> Requirement
What you copy should be the lines from the one with "2024新奧歷史開獎記錄28" through the end of the entries, word for word. Omit the pictures.

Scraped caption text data

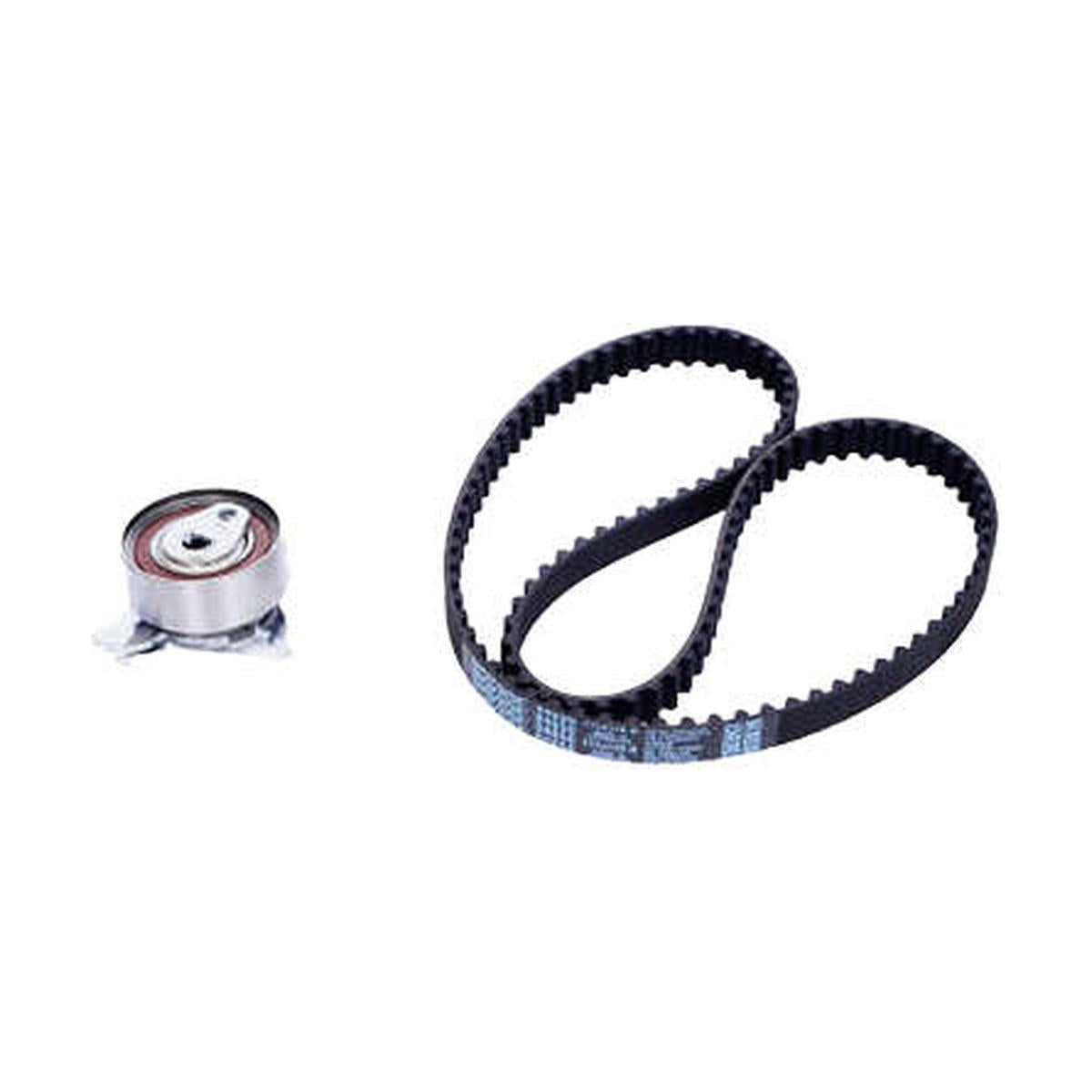 Kit Correia Dentada - Indisa - KS259014 - (1)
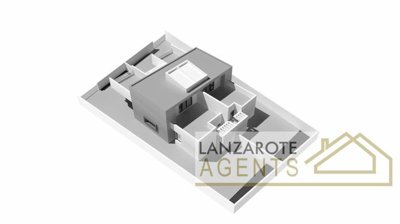 dd07818b-b167-1765-7fc6-14e1a096eca2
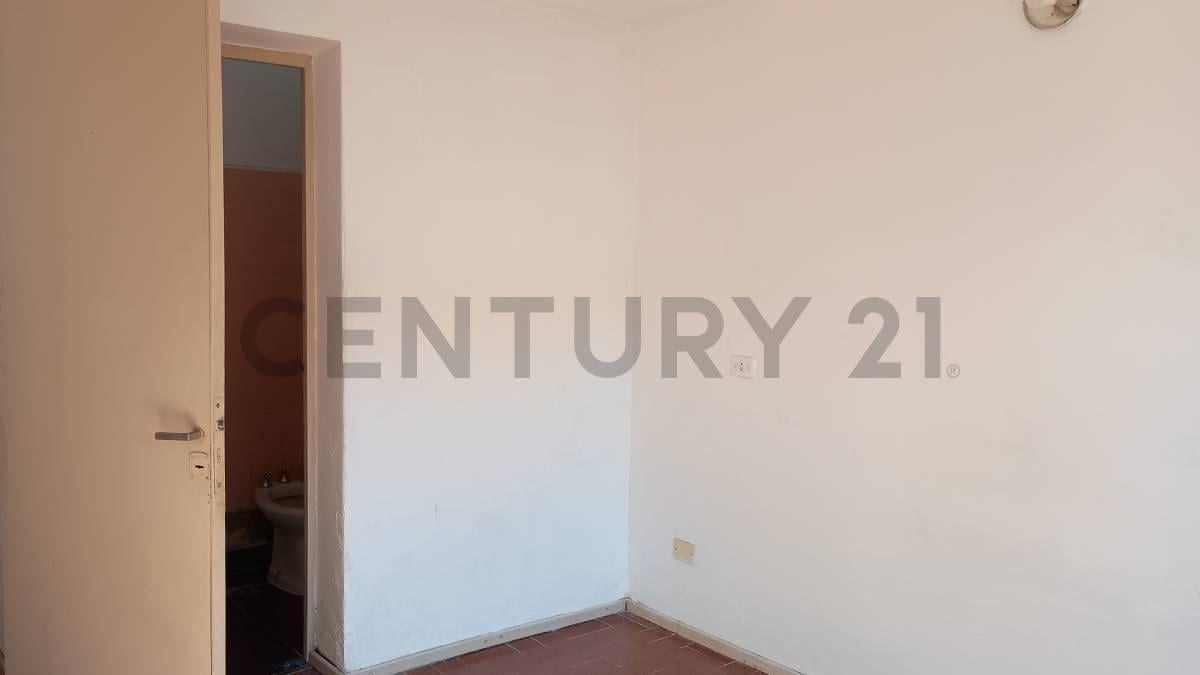 Foto de Departamento en Venta - Centro, Rosario, imagen 4
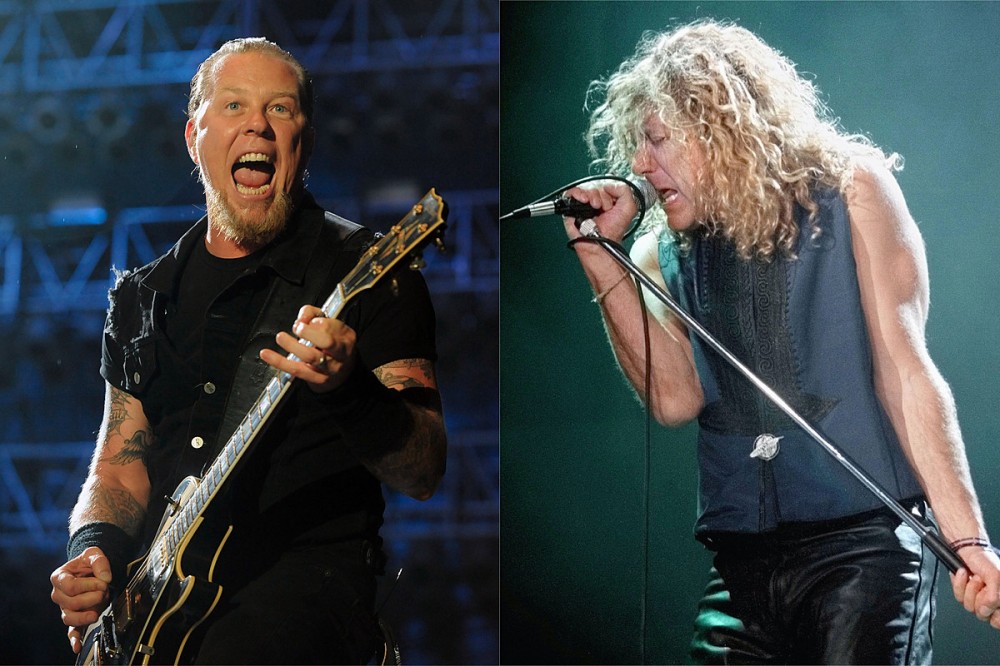 Greatest Rock Band of All-Time Tournament Bracket: And the Winner Is…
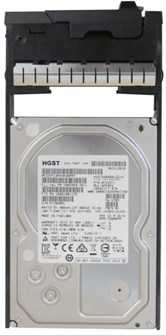 Жесткий;диск;;Fujitsu;38065628 127784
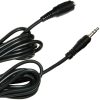 Kessil Unit Extension Cable (KSACB04) 1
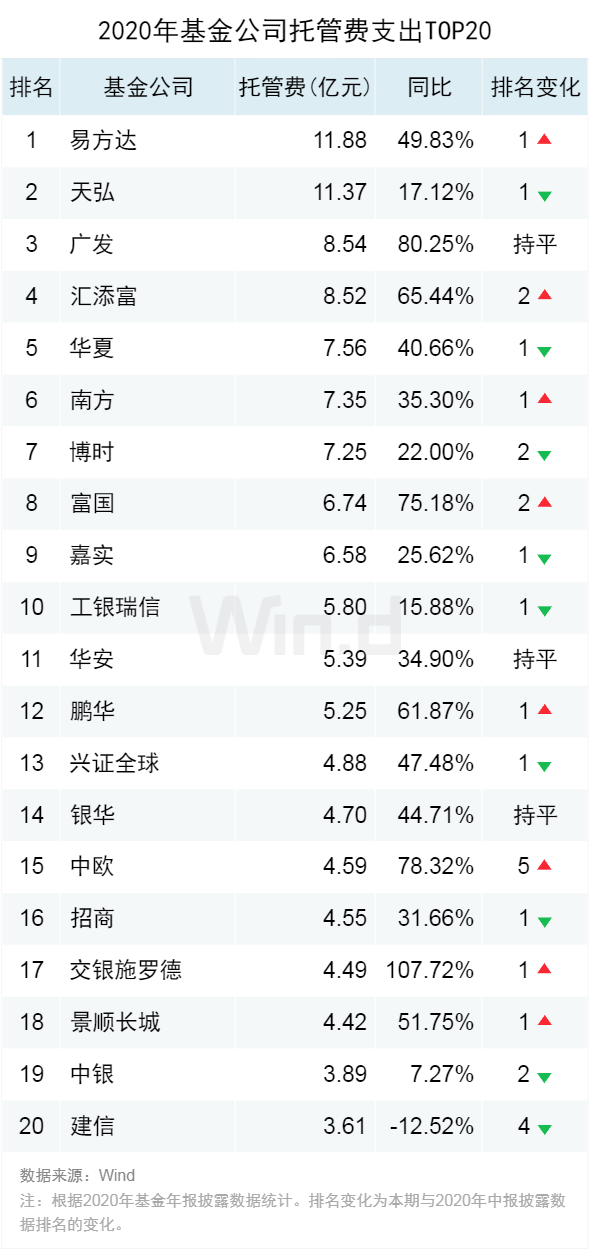 2024新奧歷史開獎記錄28期,揭秘新奧歷史開獎記錄，探尋第28期的奧秘與趨勢（2024年）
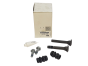 Brake Caliper Repair Kit Original Citroen Peugeot 443925 4439.25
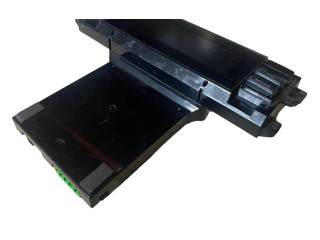 Дисплей    31268336, MD053100219   Volvo V70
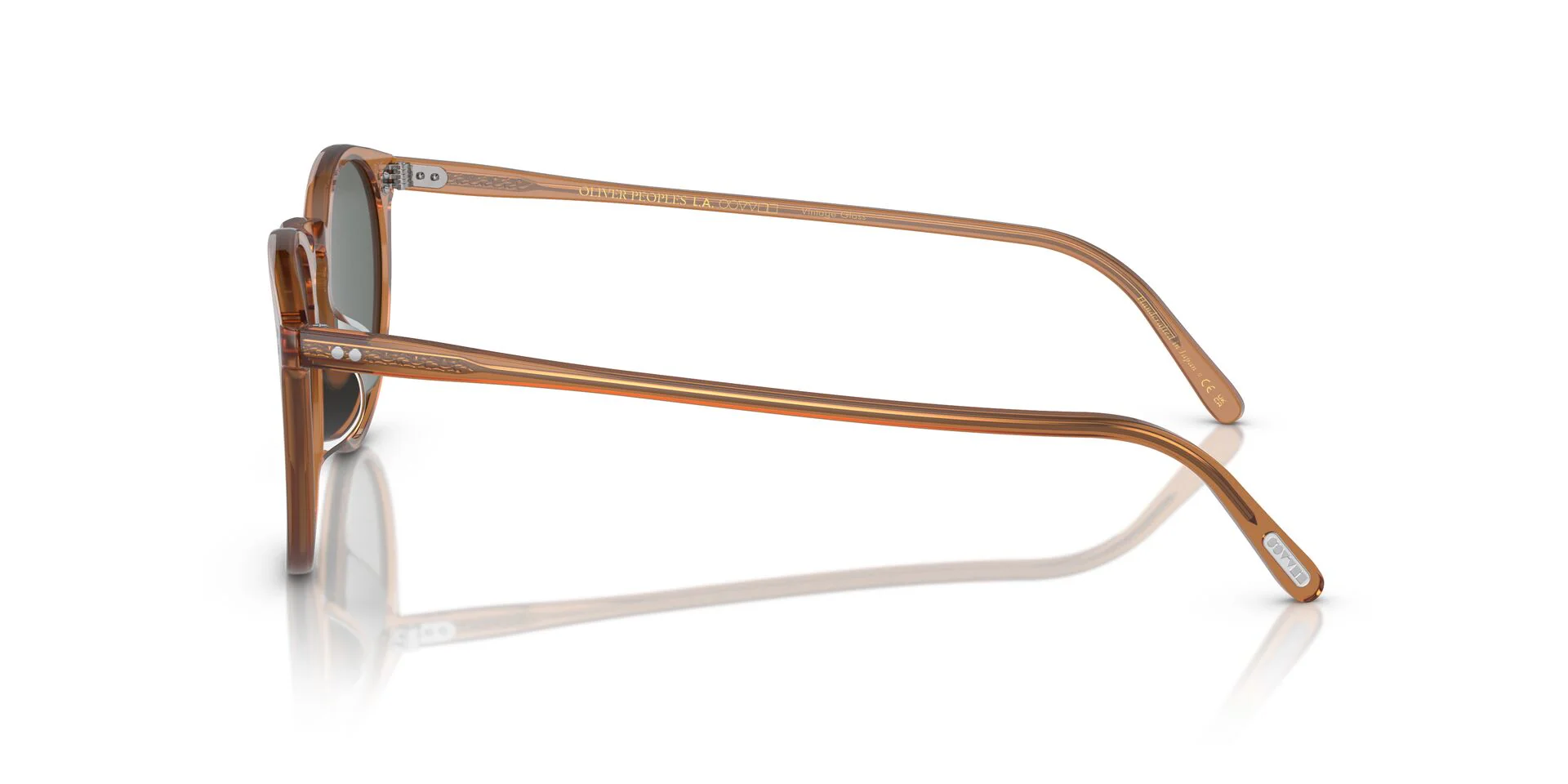 Oliver Peoples O'malley SUN OV5183S - Image 30
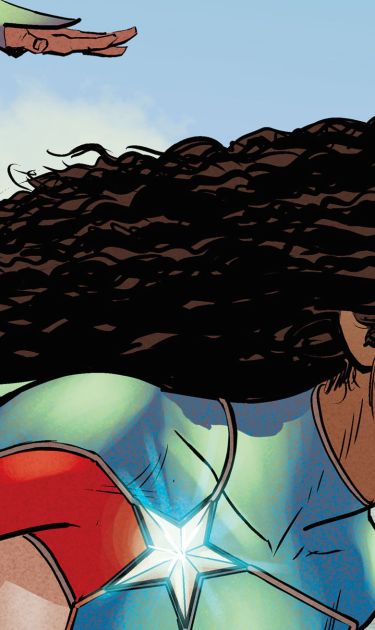 RICANSTRUCTION_SG1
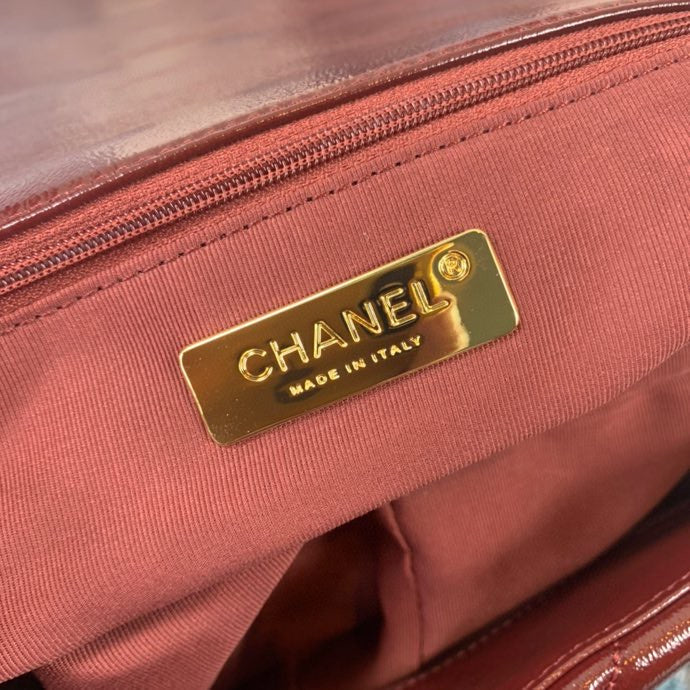 Amelia - CHL Bags - 1898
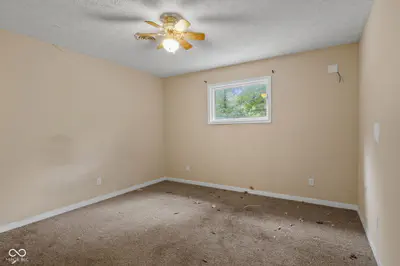 10580 State Road 243, Cloverdale - 40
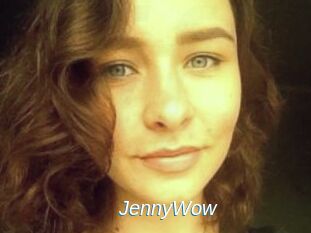 JennyWow
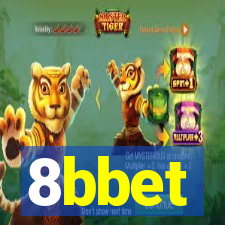 8bbet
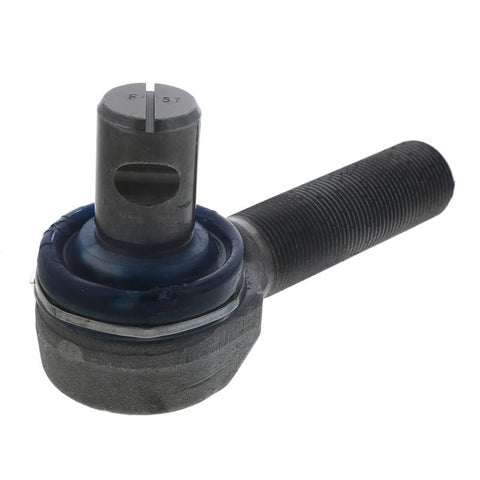 Tie Rod End Genuine Pai 9993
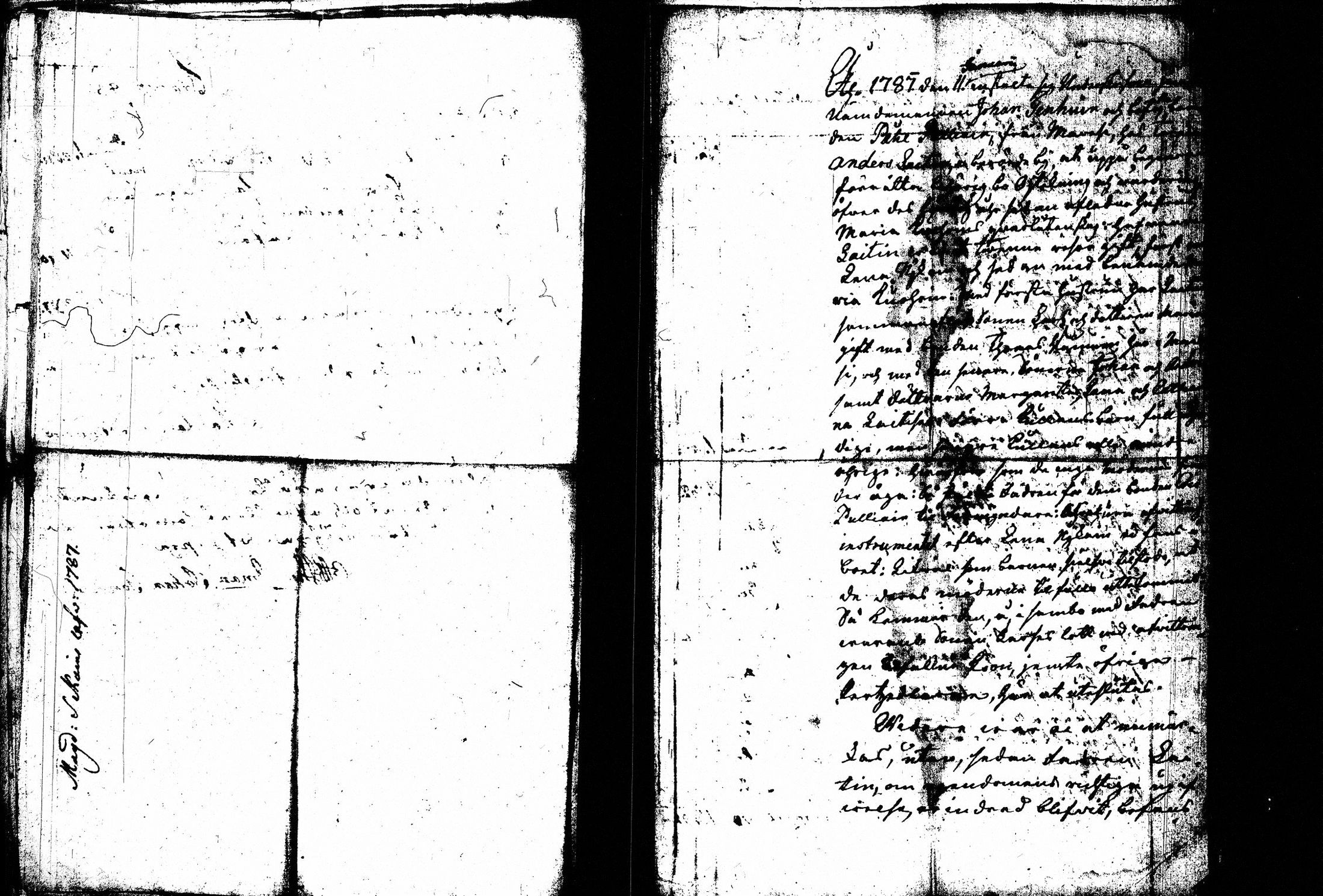 [ ../kirjat/Kirkonkirjat/pieksamaki/perukirjoja_1743-1799_msrk_tk1426-1427/kuvat/514.jpg ]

> Result of this exercise
 2024新奧歷史開獎記錄28期,揭秘新奧歷史開獎記錄，探尋第28期的奧秘與趨勢（2024年）
 Brake Caliper Repair Kit Original Citroen Peugeot 443925 4439.25
 Дисплей    31268336, MD053100219   Volvo V70
 Oliver Peoples O'malley SUN OV5183S - Image 30
 RICANSTRUCTION_SG1
 Amelia - CHL Bags - 1898
 10580 State Road 243, Cloverdale - 40
 JennyWow
 8bbet
 Tie Rod End Genuine Pai 9993
 [ ../kirjat/Kirkonkirjat/pieksamaki/perukirjoja_1743-1799_msrk_tk1426-1427/kuvat/514.jpg ]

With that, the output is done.